Most books take years to write and ages to find an agent and then sit waiting as publishers edit, prep the PR and get the books out to stores. Josh Neufeld’s latest, A.D.: New Orleans After the Deluge, took an even more circuitous path.
When Hurricane Katrina hit the Gulf Coast in 2005, Neufeld, a Brooklyn-based cartoonist and designer, volunteered with the Red Cross as a disaster response worker in Biloxi, Mississippi. While there, he kept a blog about his experiences and the devastation he witnessed. When he returned from Mississippi, he culled the blog entries together and self-published a book, which eventually found its way to the editor of SMITH Magazine, who encouraged Neufeld to produce a nonfiction comic about Katrina.
The final result is A.D. (Pantheon, $24.95), a nonfiction comic that chronicles four New Orleans residents as they prepare, weather and eventually survive the storm. Neufeld sought out a cross section of the city’s population, profiling social worker Denise, a doctor named Brobson, Iranian-born shopkeeper Abbas, pastor’s son Kwame and zinester Leo.
“We wanted to find a wide range of people,” Neufeld says, on the phone from his graphic-design shop. “We needed to find people who could speak to the experiences with the flooding, the lack of government response and the chaos.”
Social worker Denise, who lived at home with her mother, her sister and her niece, first decides to seek temporary shelter in the hospital where her mother works as a tech. But once the room her family has been promised is given away, she returns to their apartment above a boxing gym, only to have the roof collapse around her. She eventually makes her way to the convention center, where mob rule rules over the military. Brobson the doctor, who lives in an old home in the French Quarter, stays behind and throws a hurricane party. His property remains largely undamaged, and he’s able to get out to the local taverns and treat the injured and sick while urging FEMA for more help. Abbas and his friend Darnell stay behind to watch over Abbas’s shop, but the two have to retreat to the roof of a shed when the flooding fills his store. Eventually, Darnell becomes so ill—from asthma and the fetid floodwater—that the two finally accept rescue. Kwame and his family flee to his brother’s dorm room to discover they can’t go home again, and Leo and his girlfriend Michelle watch from a friend’s house as their neighborhood is covered in water.

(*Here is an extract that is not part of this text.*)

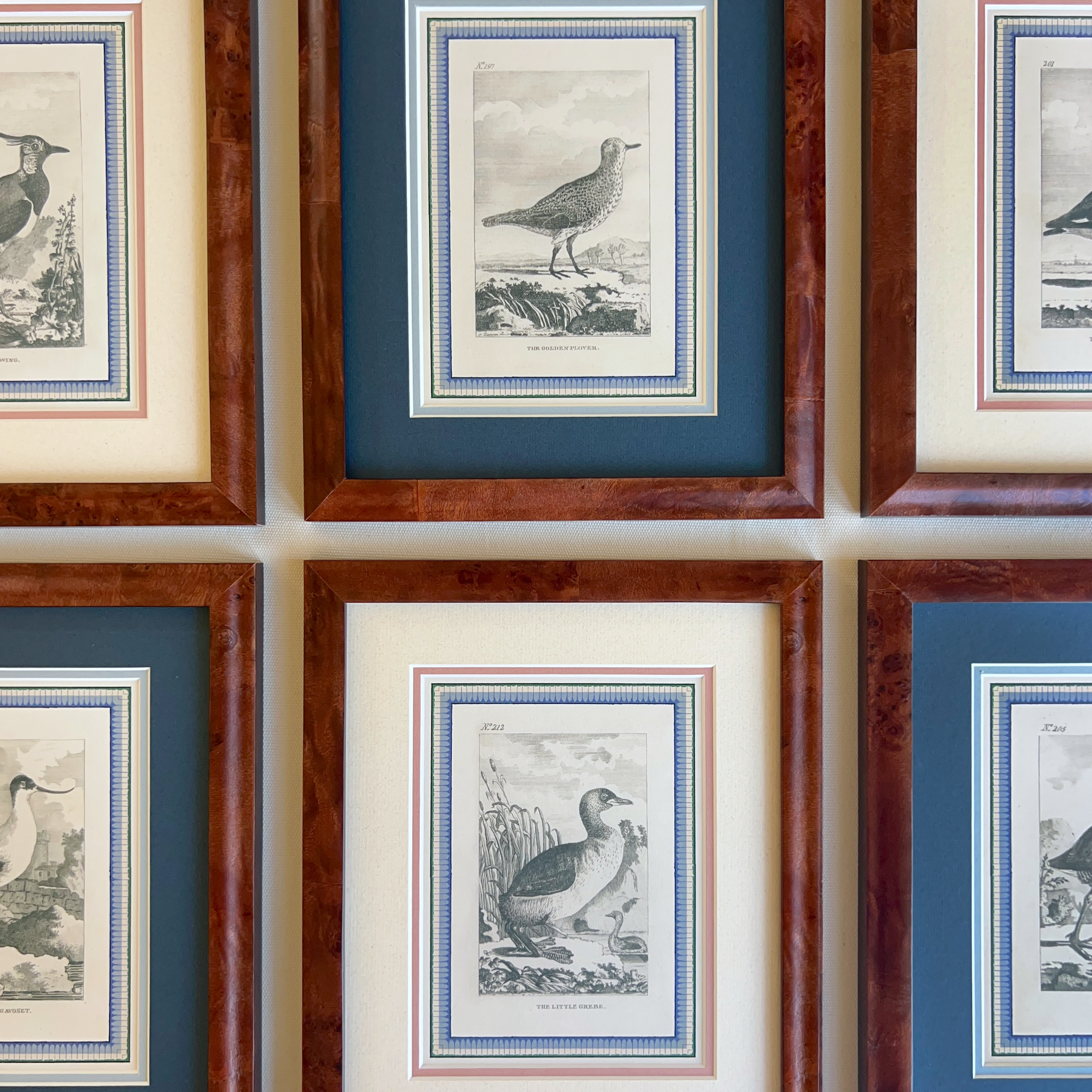 The Marsh & Shorebirds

A.D. ably recalls the horror of the days after the storm, and the uncertainty that continued to plague both the people left behind and those who escaped, watching from afar.

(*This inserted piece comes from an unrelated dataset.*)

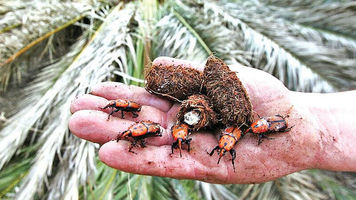 سقطرئ ‏هذه صورة #دودة النخيل، ألتقطت في جزيرة #سقطرى،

Neufeld spent months interviewing the subjects for the book, and in the final chapter, he draws himself into A.D. as the five recount what life has been like in the years since the hurricane. Though not new, nonfiction comics—or comics as journalism—is still a relatively novel form to most. Cartoonist Joe Sacco has somewhat mainstreamed journalistic comics with books like Safe Area Gorazde and Palestine. Neufeld said he didn’t have to convince his subjects of the legitimacy of the art form, except explaining once or twice that comics don’t have to be funny.
“One reason people have said that A.D. brings to the whole trove of documents of the disaster is that you can sit with the individuality of the images,” he says. “You can stop the camera, in a sense, and see that it’s not a mass of humanity that this is happening to, but these are individual people trying to deal with it.”
Neufeld discusses A.D. on Friday 28 and Saturday 29.